From that time onwards, the number of Christians began to increase little by little.
However, Georgia remained a largely pagan country until the first half of the fourth century.
This was when St Nino from Cappadoccia arrived in the east Georgian Kingdom of Kartli with a mission to convert this country.
According to a well-known legend, St Nino came carrying a cross of vine branches bound together with strands of her own hair.
She succeeded in her mission so successfully that in 337 King Mirian declared Christianity to be the state religion.
Pagan idols were systematically destroyed and Christian churches and monasteries were built in their place. During the second half of the fifth century, the Georgian Church obtained independence from the Patriarchate of Constantinople.
For over fifteen centuries, the Orthodox Church became an essential part of the Georgian spirit.
The Christian church became the main center of Georgian culture. The first works of Georgian literature date from the fifth century and are descriptions of the lives of martyrs written by ecclesiastics.
In the earliest centuries of Georgian church history, monks were the authors and copyist of manuscripts. The buildings of many Georgian churches, such as those of Svetitskhoveli and Alaverdi, are architecture masterpieces.
In 1921, Georgia was absorbed by Soviet Russia and became part of the USSR.
The Georgian church remained independent but faced much hardship. Many of the Georgian ecclesiastics, including members of the higher clergy, were arrested or even murdered by the Bolsheviks.
Nowadays, in the newly independent Georgia, there is the beginning of a restoration of church life.
True there are many difficulties along its path but it is a fact that Georgians now attend church worship. Georgians have always been tolerant towards other races and religions.
Now when representatives of both the Georgian parliament and the Patriarchate have reached an agreement between state and church, the Georgian Orthodox Church is also doing its utmost to have good relations with other Christian churches and also with other religions.
Catholic missionaries, who were often Italians, frequently visited our country in the 17th century. They lived here and left interesting records about Georgian life of these times. At various periods there were French, Italian, German and Polish Catholics in Georgia.

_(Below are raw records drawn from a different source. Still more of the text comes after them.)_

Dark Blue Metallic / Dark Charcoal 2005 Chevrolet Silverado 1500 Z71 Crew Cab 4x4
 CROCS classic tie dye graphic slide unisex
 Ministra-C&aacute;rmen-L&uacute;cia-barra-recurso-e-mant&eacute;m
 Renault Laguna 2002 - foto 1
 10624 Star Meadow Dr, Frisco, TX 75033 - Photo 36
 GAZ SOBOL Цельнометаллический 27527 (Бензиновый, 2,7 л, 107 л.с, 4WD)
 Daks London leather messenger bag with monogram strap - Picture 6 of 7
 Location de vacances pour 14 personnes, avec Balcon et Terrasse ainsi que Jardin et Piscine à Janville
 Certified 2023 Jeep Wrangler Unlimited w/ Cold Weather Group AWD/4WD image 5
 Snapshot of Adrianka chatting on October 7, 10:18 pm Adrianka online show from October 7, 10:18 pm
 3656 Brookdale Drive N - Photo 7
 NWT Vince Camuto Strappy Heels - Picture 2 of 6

As for the Georgian Catholics, they live at present in southern Georgia. In the 17th century, when Turkey conquered this land, the local Georgians were Orthodox Christians.
The only way for them to remain Christian was to convert to Catholicism and this is what they did. The greatest event for Georgian Catholics was the visit of the Pope in Georgia.
For many years, Georgia was a haven for the Armenians. About 500,000 Georgians of Armenian origin now live in Georgia. They have always been well integrated into Georgian society and the Armenian Gregorian Church has always been able to function without persecution.
The Protestant Lutheran Church in Georgia and the new Lutheran Church situated in Tbilisi are a good example of the religion toleration that exists in Georgia.
The first Jews appeared in Georgia twenty-six centuries ago. These were the ones who escaped from their country during the Babylonian conquest.
Ever since that time, Jews have lived in Georgia. We can state with pride that Georgia is a land where the Jews have never felt oppression.
They have always had rights equal to Georgians and have never been molested. When these people had the opportunity to leave for their newly restored country, beginning from the 1970s, some went but many remained.
Those Georgian Jews who now live in Israel have not lost contact with their former homeland. On the contrary, they often visit our country and invite their Georgian friends to Israel.
In the second half of the seventh century, when the Arabs first invaded the Caucasus, Islam was introduced into this region. Nowadays Islam is widely spread religion in the Caucasus.
In Georgia there are Muslims in the autonomous republic of Adjara where the adherents are Georgians and in lower Kartli where they are Georgians of origin.
In the first area some inhabitants whose ancestors received Islam during the 17th and 18th centuries have returned to Christianity. In the second area, the Muslims live mainly in the region of Marneuli, Bolnisi and Dmanisi.
Ever since Georgia established its present independence, these people of different confessions have shown themselves to be loyal and patriotic citizens of this country.
Of course it is not so easy to travel throughout Georgia in order to study the religious situation, but if one is interested, one need go no further than Meidani Square in Old Tbilisi.
Here, at a short distance from each other are located Georgian Orthodox and Armenian Gregorian Churches, a Jewish Synagogue and a Muslim mosque.
We Georgians say that this is a micro model of the whole of our country. It is a clear example of the great Georgian traditional and national toleration of religions and cultures.